| WHAT THE TASK REQUIRES |
Each entry that follows is to be duplicated exactly, without its images.

-*-

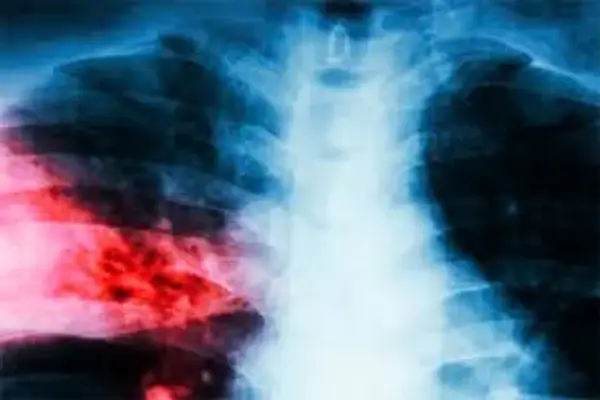 La clave contra el cáncer de pulmón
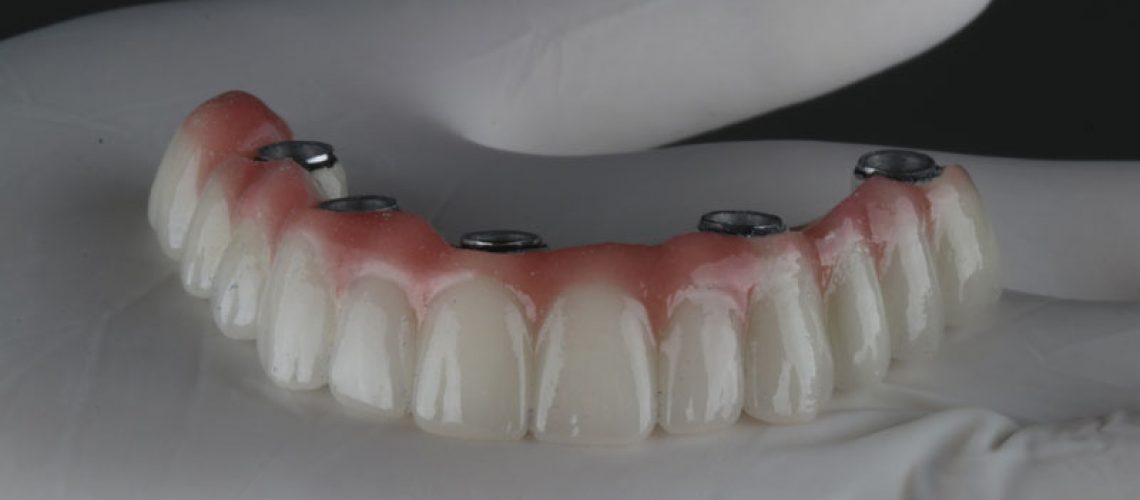 a full arch of dental implants with holes for placement going across it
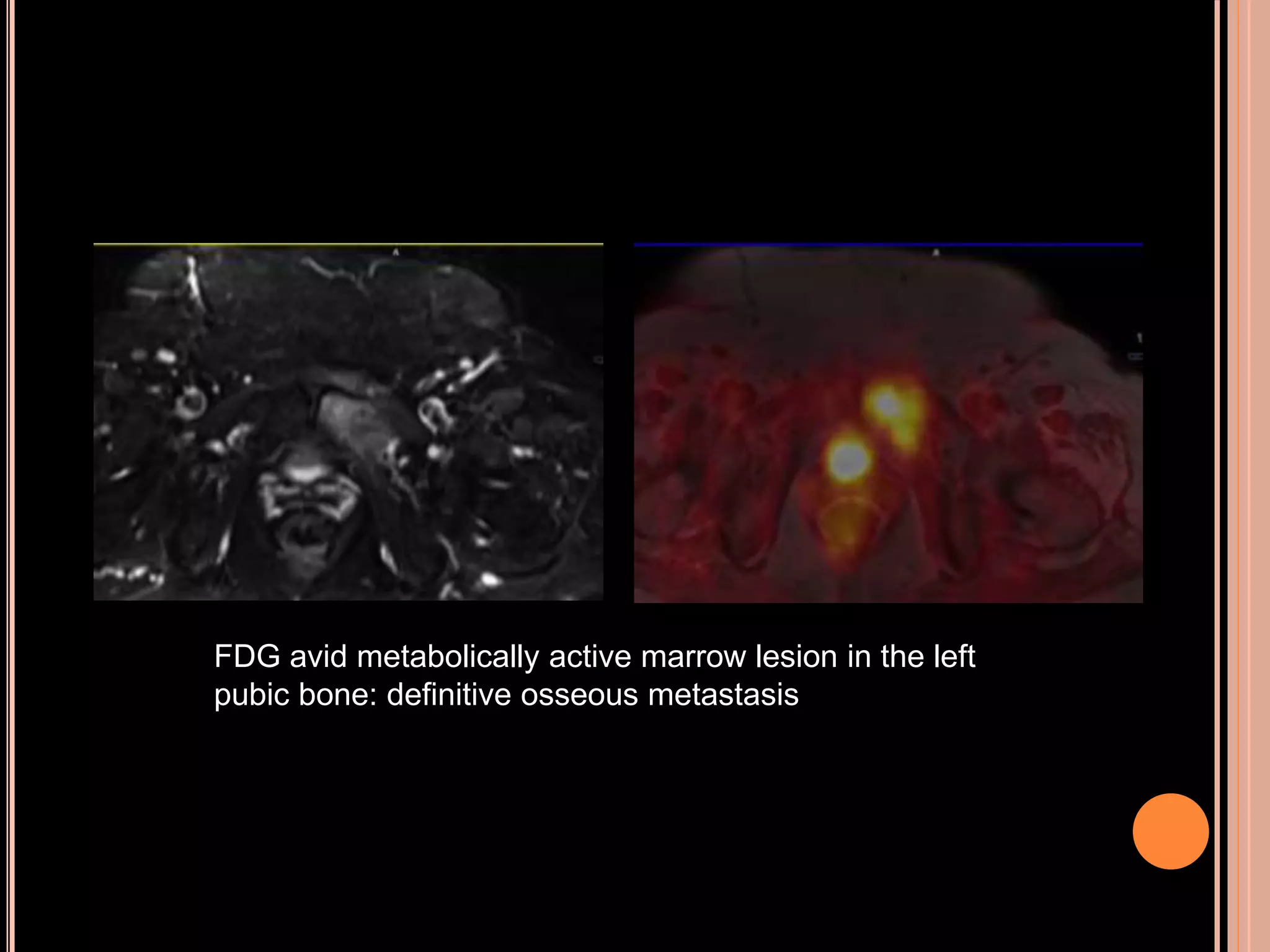 FDG avid metabolically active marrow lesion in the left
pubic bone: definitive osseous metastasis
 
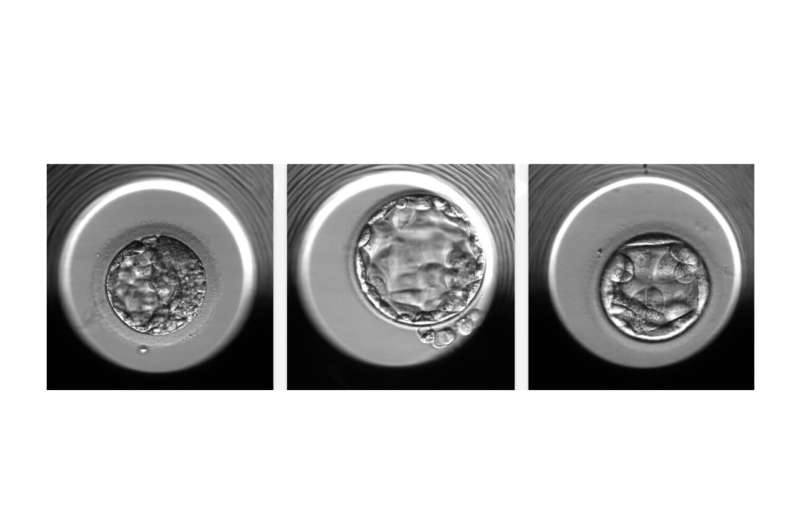 Harnessing artificial intelligence technology for IVF embryo selection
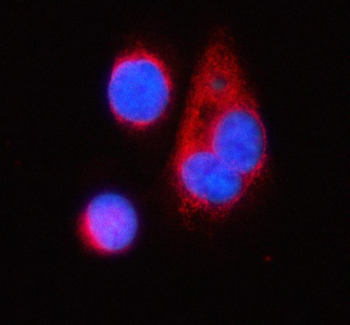 Anti-TNIK Antibody
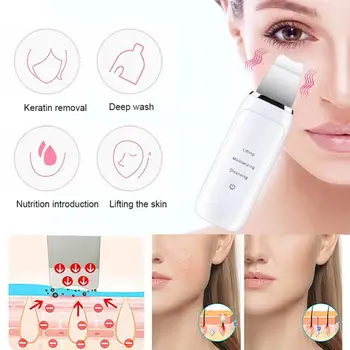 

Blackhead Removal Equipment Face Beauty Apparatus Black Head Cleaner ABS White Fashion Fast Effective Remove Clean Clear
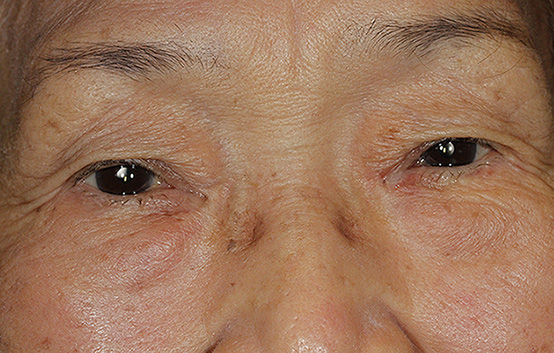 Blepharoplasty Before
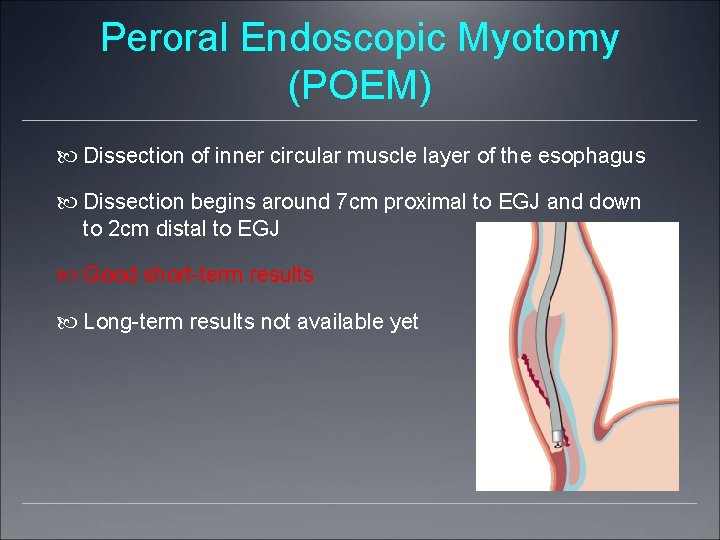 Peroral Endoscopic Myotomy (POEM) Dissection of inner circular muscle layer of the esophagus Dissection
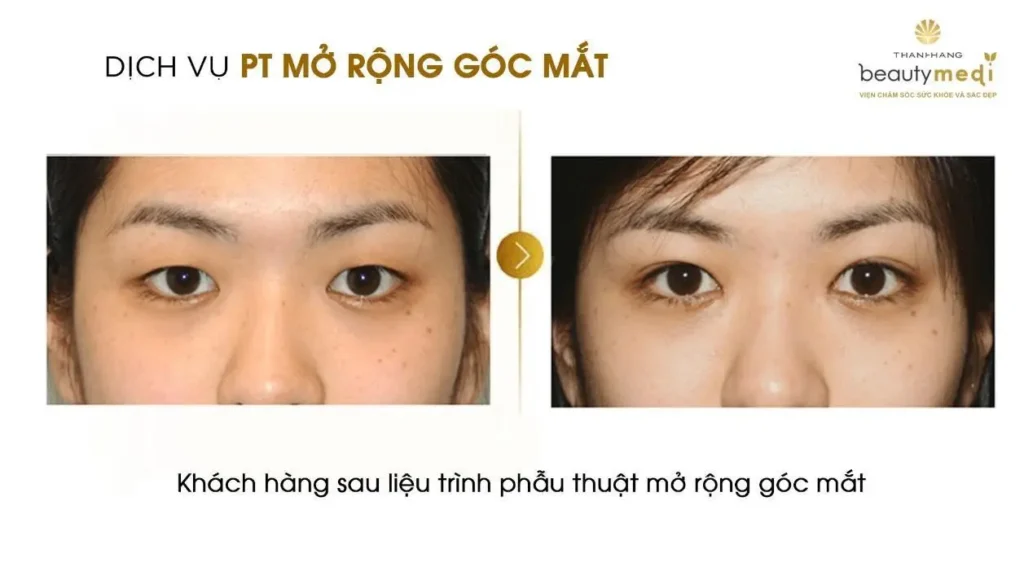 Hình ảnh trước và sau của khách hàng khi sử dụng dịch vụ mở rộng góc mắt tại Thanh Hằng Beauty Medi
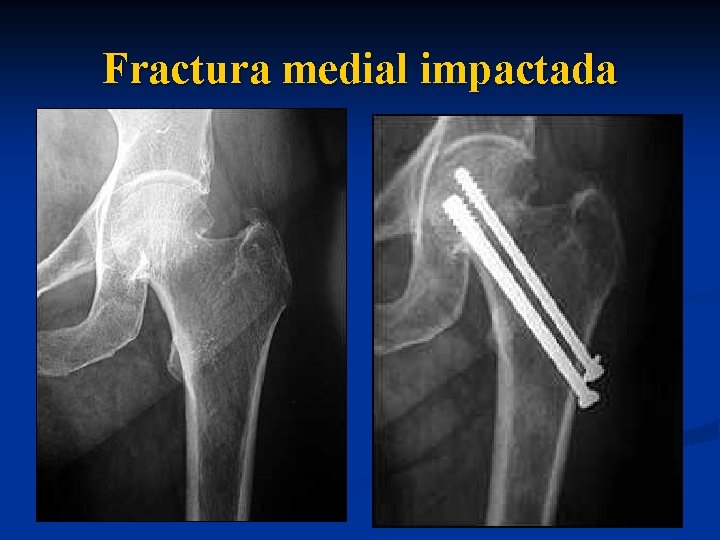 Fractura medial impactada 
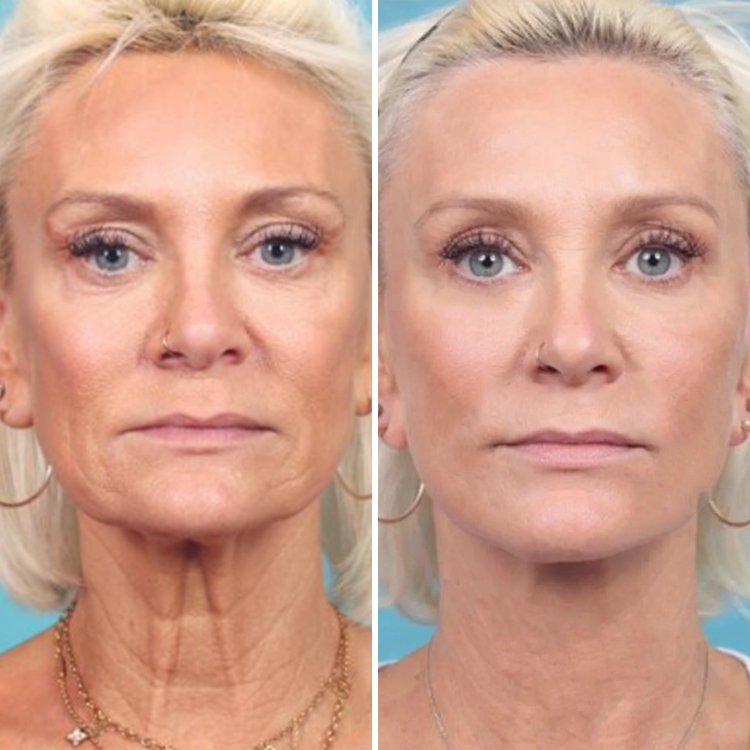 LIMETOW® Bee Venom Firming & Anti-Wrinkle Cream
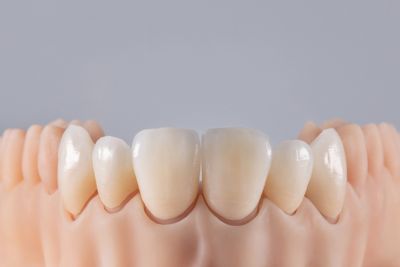 Dental crowns a subtle lighter shade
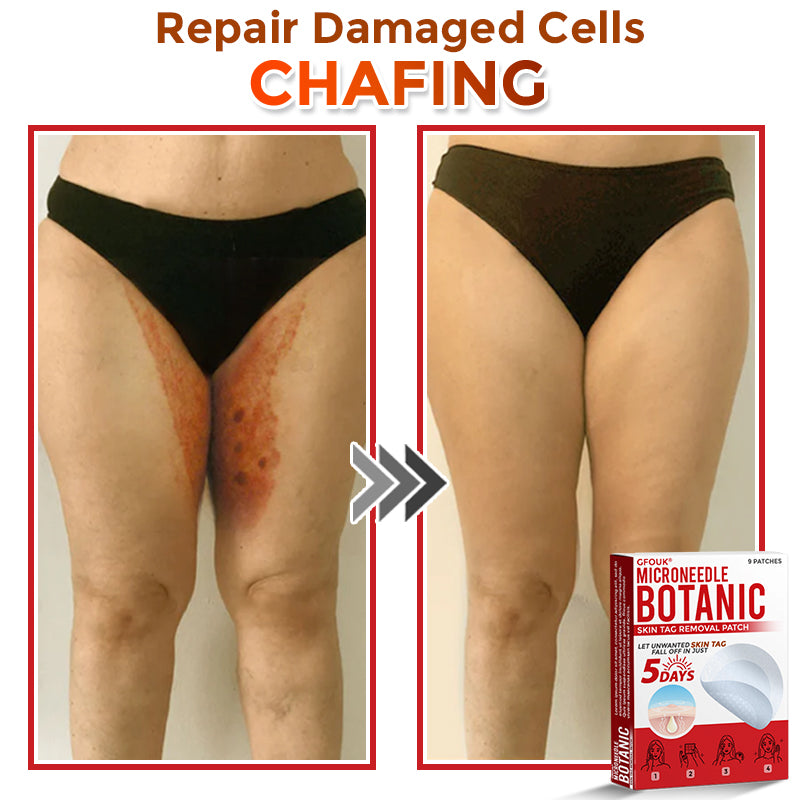 GFOUK® MicroNeedle Botanic Skin Tag Removal Patch 🇺🇸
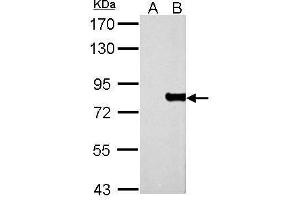 WB Image MX1 antibody detects MX1 protein by Western blot analysis. (MX1 antibody  (Center))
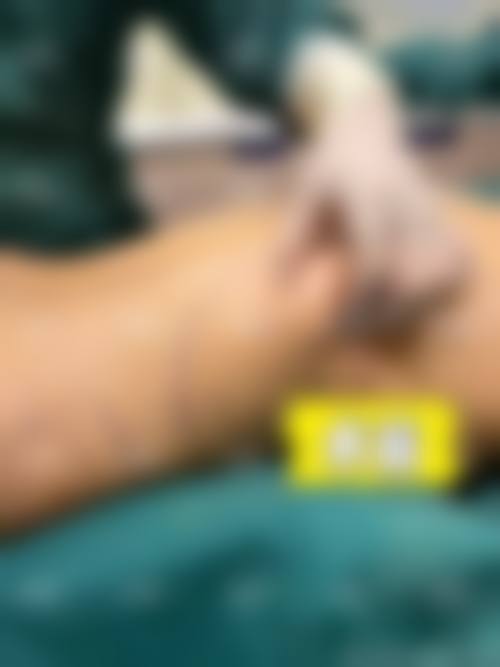 临床实例分享:吴亮医生的真实诊疗故事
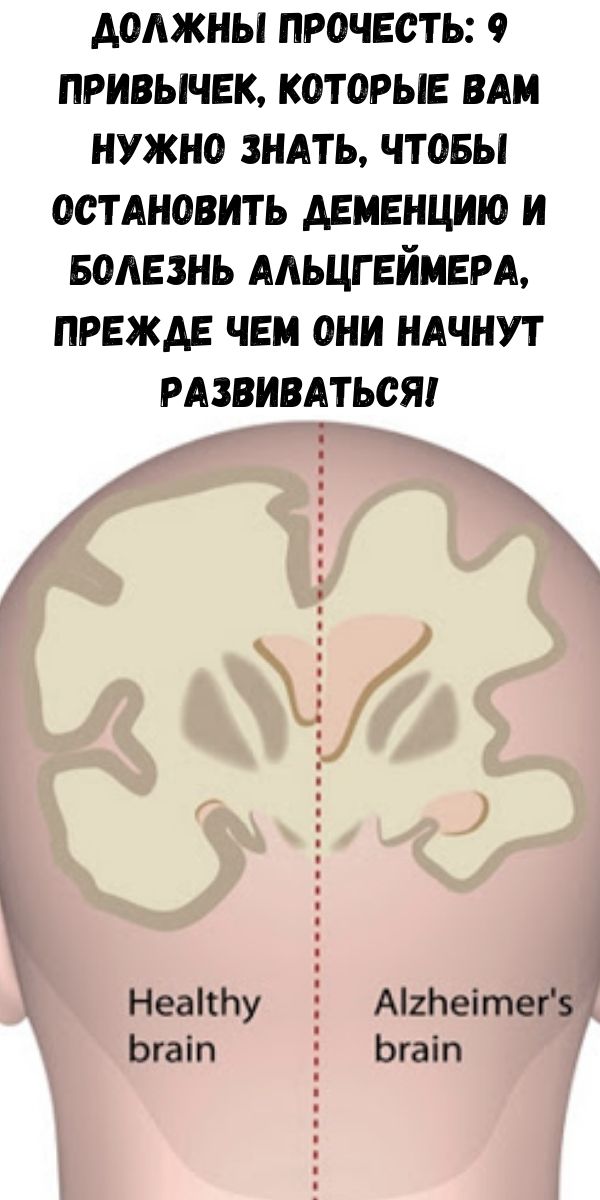 Тест альцгеймера картинки лица. Японский тест на деменцию. Тест для деменции мозга. Болезнь Альцгеймера. Тесты на деменцию в картинках.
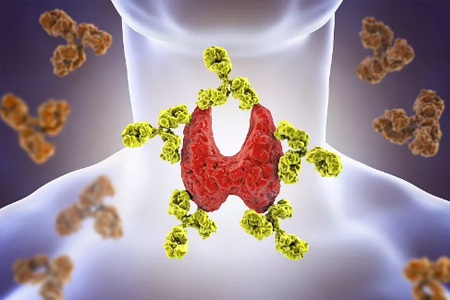 银耳|90后夫妻双双确诊甲状腺癌，医生：炒菜总放它，刺激甲状腺肿瘤增长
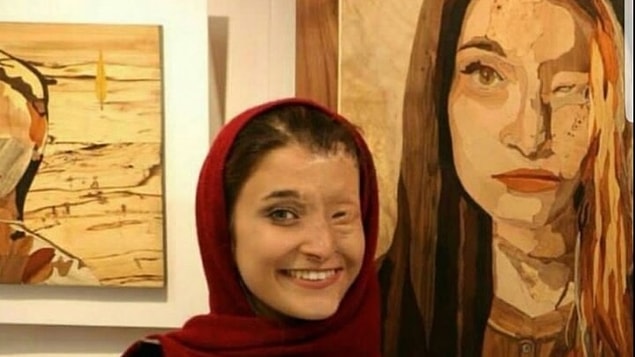 Bir diğer asit saldırısı kurbanı ise Massoumeh Attaie. Yüzünün yarısını işlevsiz bırakan acımasız saldırıyla ilgili hiçbir zaman adalet bulamayanlardan.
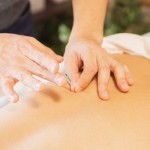 Ilustrasi akupunktur (ANTARA/Pexels)-1694422725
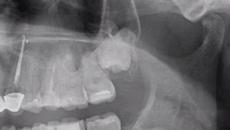 Отстраняване на ретиниран мъдрец -  Impacted Tooth Removal - Videoclip.bg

-*-

| RESPONSE BELOW |
 La clave contra el cáncer de pulmón
 a full arch of dental implants with holes for placement going across it
 FDG avid metabolically active marrow lesion in the left
pubic bone: definitive osseous metastasis
 
 Harnessing artificial intelligence technology for IVF embryo selection
 Anti-TNIK Antibody

Blackhead Removal Equipment Face Beauty Apparatus Black Head Cleaner ABS White Fashion Fast Effective Remove Clean Clear
 Blepharoplasty Before
 Peroral Endoscopic Myotomy (POEM) Dissection of inner circular muscle layer of the esophagus Dissection
 Hình ảnh trước và sau của khách hàng khi sử dụng dịch vụ mở rộng góc mắt tại Thanh Hằng Beauty Medi
 Fractura medial impactada 
 LIMETOW® Bee Venom Firming & Anti-Wrinkle Cream
 Dental crowns a subtle lighter shade
 GFOUK® MicroNeedle Botanic Skin Tag Removal Patch 🇺🇸
 WB Image MX1 antibody detects MX1 protein by Western blot analysis. (MX1 antibody  (Center))
 临床实例分享:吴亮医生的真实诊疗故事
 Тест альцгеймера картинки лица. Японский тест на деменцию. Тест для деменции мозга. Болезнь Альцгеймера. Тесты на деменцию в картинках.
 银耳|90后夫妻双双确诊甲状腺癌，医生：炒菜总放它，刺激甲状腺肿瘤增长
 Bir diğer asit saldırısı kurbanı ise Massoumeh Attaie. Yüzünün yarısını işlevsiz bırakan acımasız saldırıyla ilgili hiçbir zaman adalet bulamayanlardan.
 Ilustrasi akupunktur (ANTARA/Pexels)-1694422725
 Отстраняване на ретиниран мъдрец -  Impacted Tooth Removal - Videoclip.bg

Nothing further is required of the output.